* **WHAT YOU NEED TO DO**
Copy the data below exactly, omitting any picture it contains.

Segment Start: DATA UNDER STUDY

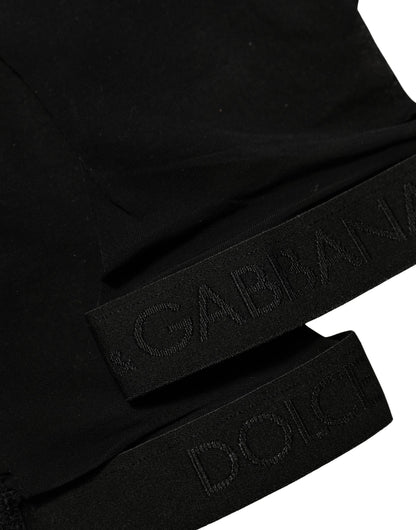 Dolce & Gabbana Black Nylon Logo Calf Long Women Accessory Socks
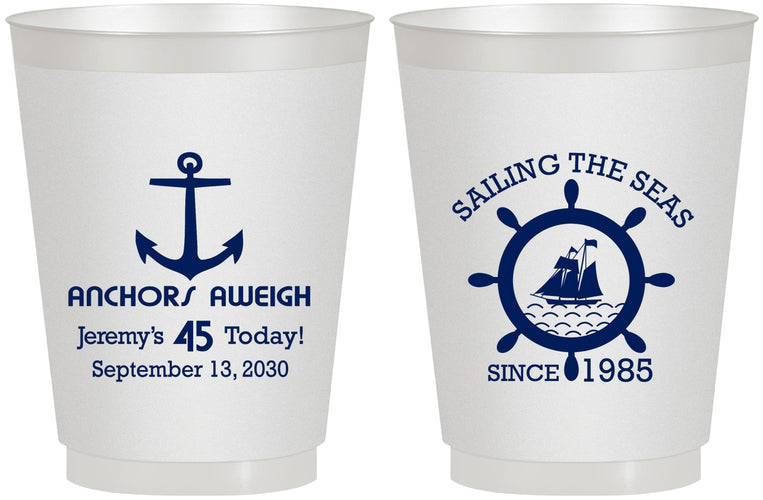 Personalized Birthday 16 oz Frosted Cups - 45th Nautical | 20023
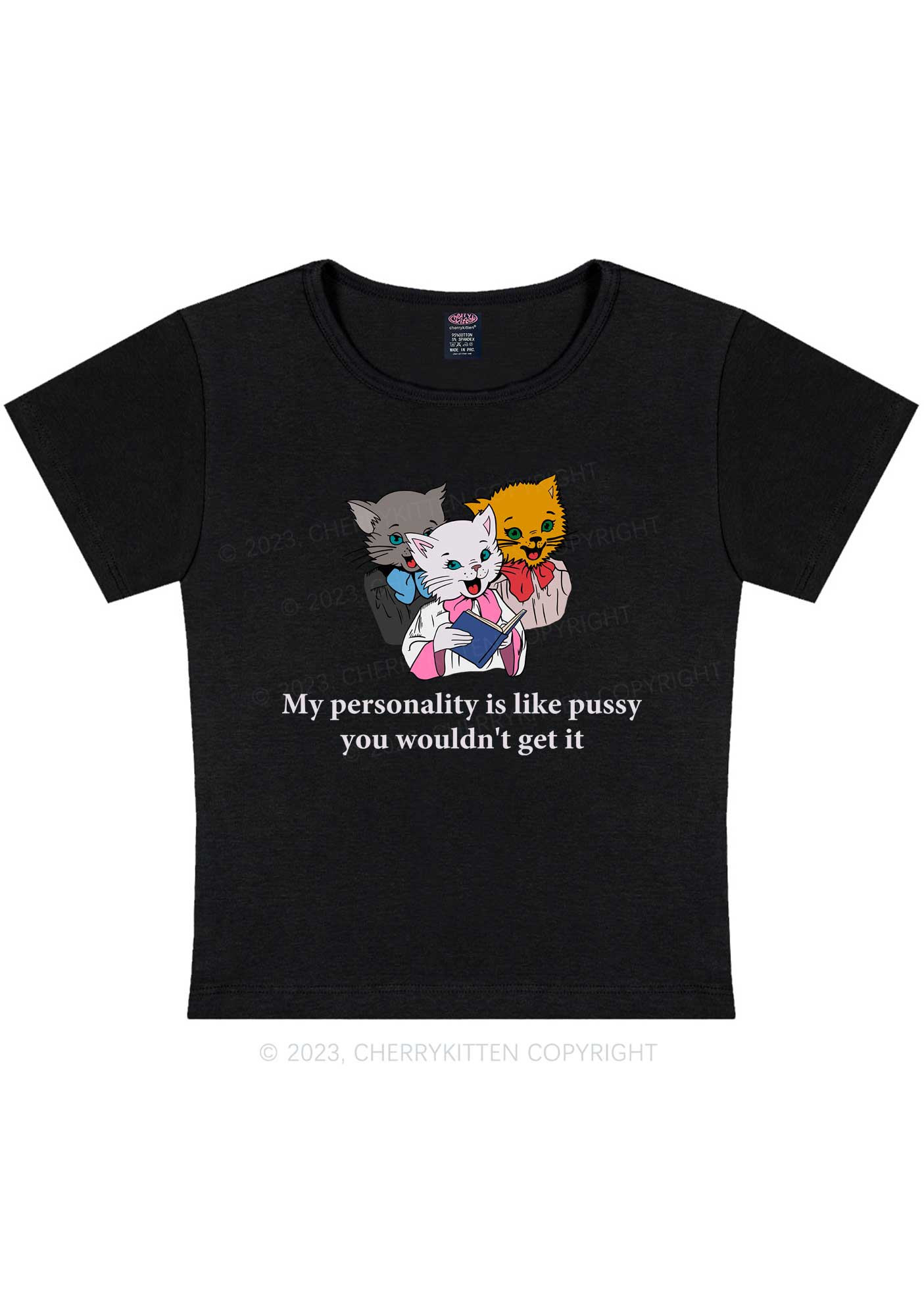 Personality Like Puxxy Y2K Baby Tee Cherrykitten - Image 3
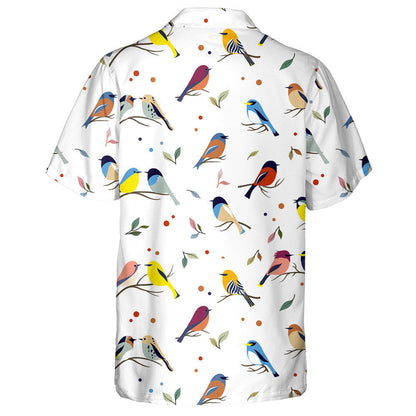 Birds On A Branch Berries And Leaves Hawaiian Shirt, Hawaiian For Gift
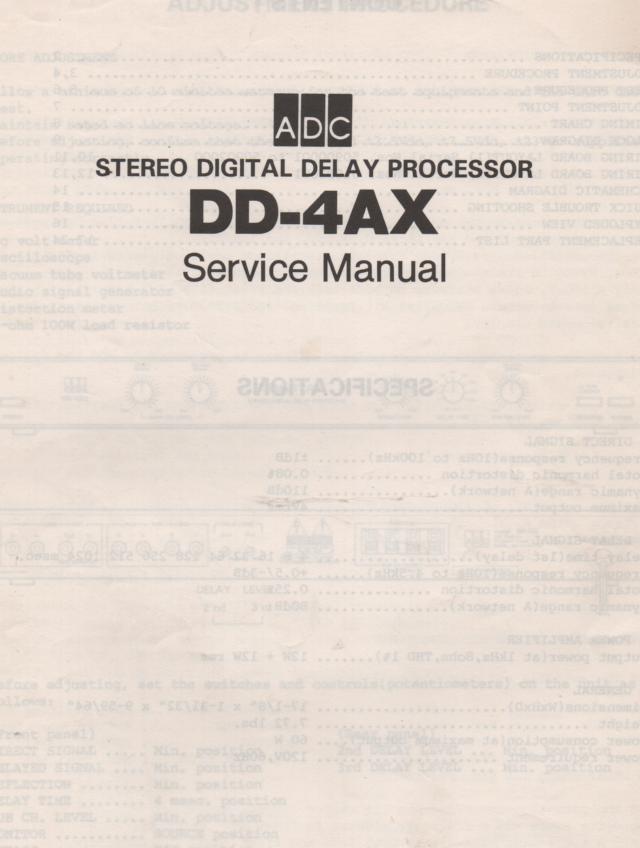 DD-4AX Stereo Digital Delay Service Manual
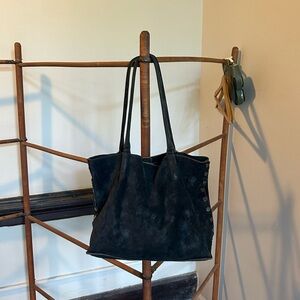 Hammitt Los Angeles Suede Taupe Tote Bag Charcoal Grey/Black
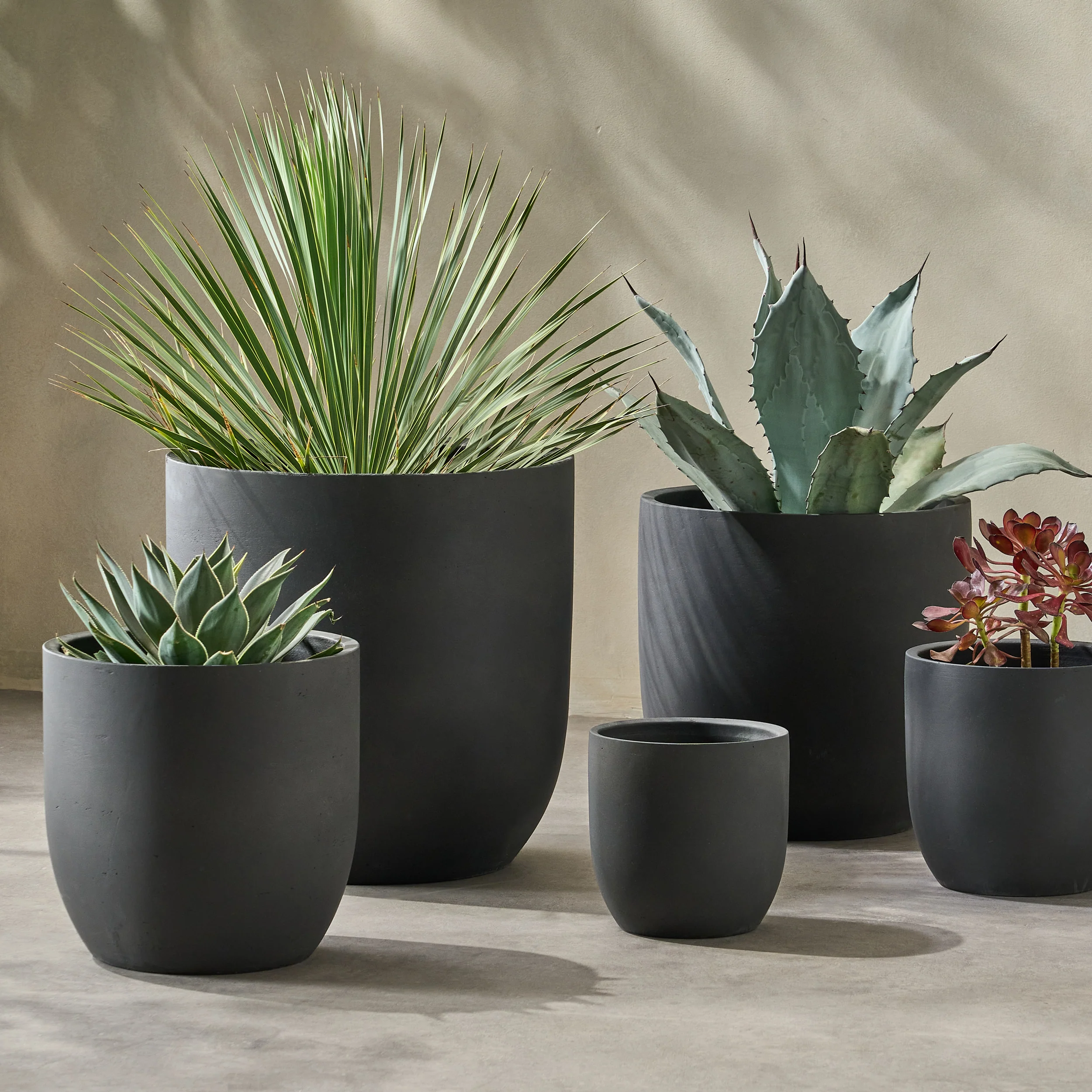 Rochelle Outdoor Cast Stone Planters (Set of 5) - furnishings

Segment End: DATA UNDER STUDY

* **ANSWER SPACE**
 Dolce & Gabbana Black Nylon Logo Calf Long Women Accessory Socks
 Personalized Birthday 16 oz Frosted Cups - 45th Nautical | 20023
 Personality Like Puxxy Y2K Baby Tee Cherrykitten - Image 3
 Birds On A Branch Berries And Leaves Hawaiian Shirt, Hawaiian For Gift
 DD-4AX Stereo Digital Delay Service Manual
 Hammitt Los Angeles Suede Taupe Tote Bag Charcoal Grey/Black
 Rochelle Outdoor Cast Stone Planters (Set of 5) - furnishings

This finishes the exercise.